Think your spouse is cheating with your finances? Or maybe you’re the one that’s being dishonest?

The National Endowment for Financial Education states that financial infidelity can be just as significant as emotional or sexual infidelity in marriage. In a poll last year, it was found that 2 in 5 Americans who’ve combined their money admit to lying about or withholding financial information from their partner. This leads to arguments, distrust, separation and even divorce.

That’s why the apostle Paul said,

Do not lie to one another, seeing that you have put off the old self with its practices and have put on the new self, which is being renewed in knowledge after the image of its creator.”

(Colossians 3:9-10)   

Maybe it’s time to consider some red flags. You’ve found a receipt for an unfamiliar purchase, an unexplained charge on the credit card, or are unable to locate a bill or credit card statement. And, your spouse gets defensive or withdrawn when asked about it.

If you’re suspicious, don’t stress – go to the Lord. Ask Him to give you discernment and peace. Then, approach your spouse in humility and love. Don’t catch him or her off guard.

If you need to confess to your spouse, ask for a meeting and share your desire to get on the same page.
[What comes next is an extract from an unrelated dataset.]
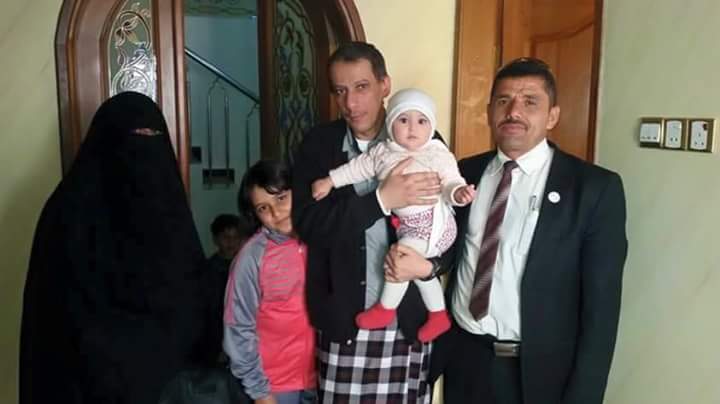 الميليشيات الانقلابية تفرج عن عدد من قيادات حزب الإصلاح بينهم وزير التعليم والتدريب المهني 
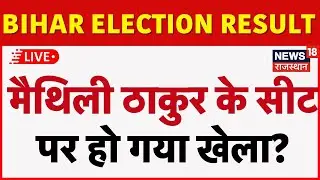 Maithali Thakur Vidhansabha Seat Result | Bihar Vidhansabha Election Results  | Alinagar  Seat News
Be fully honest and transparent. Apologize for anything you’ve done and be the first to forgive.

Then, create goals to plan for your future. Trust must be rebuilt so learn how to better communicate about finances. Hold each other accountable and find ways to celebrate your improved relationship and bank accounts.

Solomon said, “Better is a poor person who walks in his integrity than one who is crooked in speech and is a fool.”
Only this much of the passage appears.